## [Work item]
Set down exactly the lines from the one containing "NILI LOTAN Brittan" through the last line of the data below, and no others.

━━━━━━━━━━━━━━━━━━━━━━━━━━━━━━

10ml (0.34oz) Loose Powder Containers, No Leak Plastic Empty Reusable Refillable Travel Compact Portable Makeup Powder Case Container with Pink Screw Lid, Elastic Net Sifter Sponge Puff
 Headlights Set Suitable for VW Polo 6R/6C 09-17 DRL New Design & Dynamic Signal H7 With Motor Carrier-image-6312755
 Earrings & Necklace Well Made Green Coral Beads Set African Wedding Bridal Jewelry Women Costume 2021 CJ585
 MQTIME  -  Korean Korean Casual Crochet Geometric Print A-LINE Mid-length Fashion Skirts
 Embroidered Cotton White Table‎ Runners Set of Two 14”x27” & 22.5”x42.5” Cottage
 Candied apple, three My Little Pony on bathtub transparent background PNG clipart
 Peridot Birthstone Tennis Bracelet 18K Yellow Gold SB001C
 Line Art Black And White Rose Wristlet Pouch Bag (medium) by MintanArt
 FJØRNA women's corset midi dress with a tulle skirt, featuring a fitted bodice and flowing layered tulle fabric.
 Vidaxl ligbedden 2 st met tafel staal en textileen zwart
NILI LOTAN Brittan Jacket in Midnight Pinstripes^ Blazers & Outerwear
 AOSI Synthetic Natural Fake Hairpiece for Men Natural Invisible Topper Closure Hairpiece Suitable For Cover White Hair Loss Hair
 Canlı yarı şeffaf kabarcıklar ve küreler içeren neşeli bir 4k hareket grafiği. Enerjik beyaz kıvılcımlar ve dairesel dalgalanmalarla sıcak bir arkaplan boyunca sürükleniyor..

━━━━━━━━━━━━━━━━━━━━━━━━━━━━━━

## [Solved exercise]
NILI LOTAN Brittan Jacket in Midnight Pinstripes^ Blazers & Outerwear
 AOSI Synthetic Natural Fake Hairpiece for Men Natural Invisible Topper Closure Hairpiece Suitable For Cover White Hair Loss Hair
 Canlı yarı şeffaf kabarcıklar ve küreler içeren neşeli bir 4k hareket grafiği. Enerjik beyaz kıvılcımlar ve dairesel dalgalanmalarla sıcak bir arkaplan boyunca sürükleniyor..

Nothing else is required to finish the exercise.